In math mode, every element of text is assumed to be a variable, and typeset as such : in particular, for this matter, variables shouldn't form "words", that's why the texing engine won't display spaces. However, it is possible to print text "as if non in math mode", but you have to tell latex that it should regard that content as text.

Amongst the various commands you may use :

• \mathrm, \mathbf, etc (for mathematical text, such as function names : this won't give correct spacing as well!)
• \text from the amsmath package (for casual text, will use the font of the outer environment)
• \textrm, \textbf, etc. (in case you need specific font formatting -- the difference with the math equivalent is that you can use accented characters or inline maths inside these)

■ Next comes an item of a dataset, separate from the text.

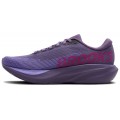 CHAUSSURES BROOKS GHOST AMP PURPLE/FUCHSIA POUR FEMMES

In your example, this works, for example :

\documentclass{article}

\usepackage[utf8]{inputenc}
\usepackage[T1]{fontenc}
\usepackage{geometry}
\geometry{a4paper}
\usepackage{amsmath}

\begin{document}

Number $2-a$:

\begin{align*}
Z &\longleftarrow \Phi(x,x) \\
Y &\longleftarrow Y +1
\end{align*}
Number $2-b$:
\begin{align*}
\mathbf{IF } x &\in A \mathbf{ GOTO } E\\
Z &\longleftarrow \Phi(x,x) \\
Y &\longleftarrow Y +1
\end{align*}

\end{document}


Note that as I said above, spaces are basically ignored in math display. So if you want your spaces to be taken into account, and your text to be separated from the rest of the sentence, you need to make sure the spaces are with the text, inside the braces.